• [EXERCISE DESCRIPTION]
Take the lines below from the one with "Niemand - Herbert Pelzer - ebook" through the one with "This Will Revolutionize" and print only them, exactly. Don't print the pictures.

====== DATA FOR THE TASK ======

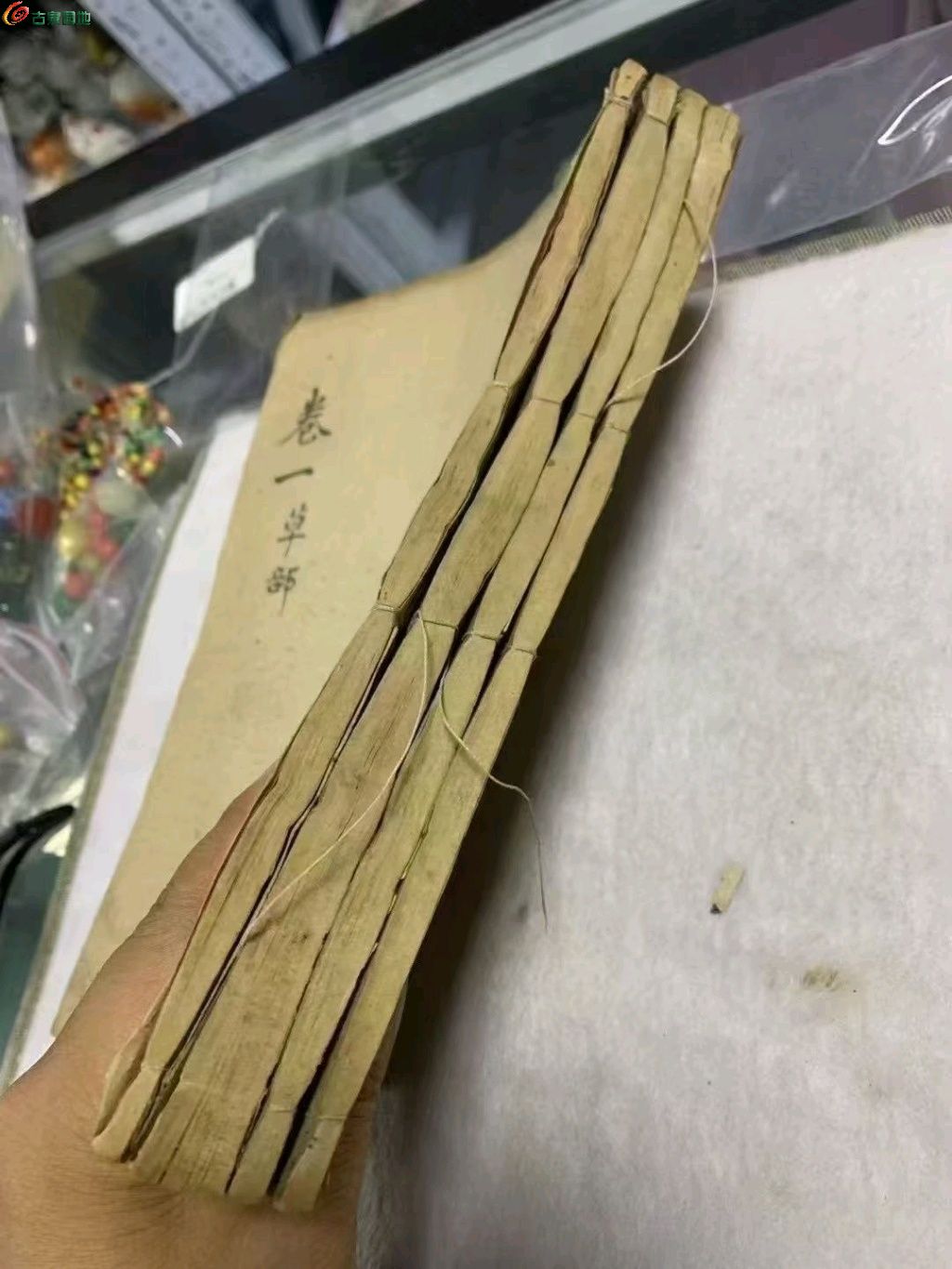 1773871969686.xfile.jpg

======
====== DATA FOR THE TASK ======

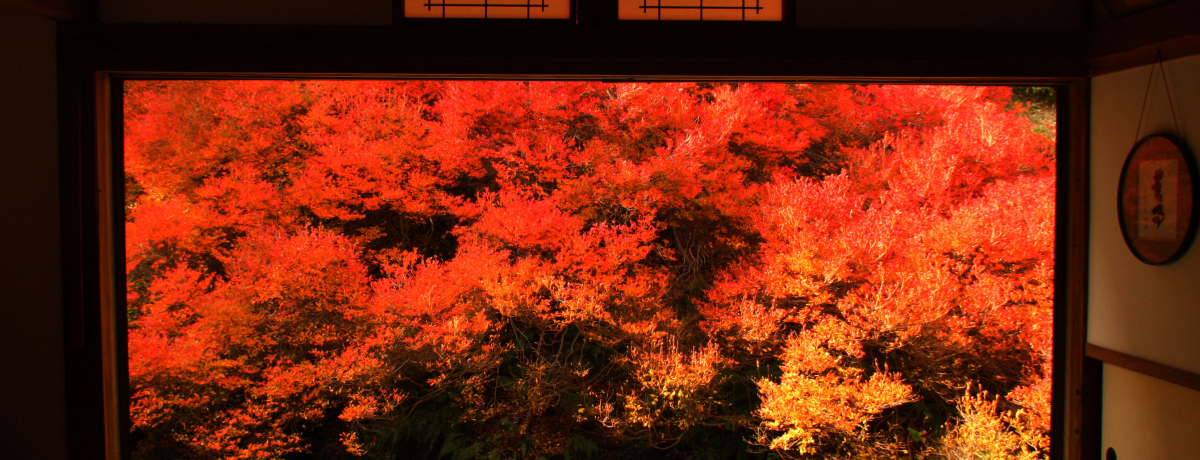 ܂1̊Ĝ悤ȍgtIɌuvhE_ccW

======
====== DATA FOR THE TASK ======

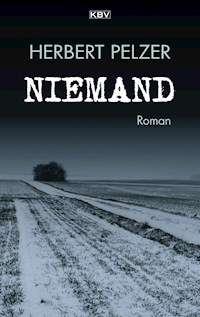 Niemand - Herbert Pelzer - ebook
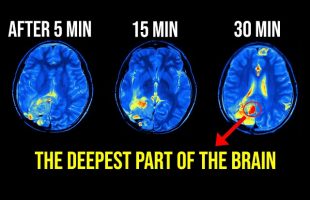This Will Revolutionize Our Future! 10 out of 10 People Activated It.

======

• [RESULT BELOW]
 Niemand - Herbert Pelzer - ebook
This Will Revolutionize Our Future! 10 out of 10 People Activated It.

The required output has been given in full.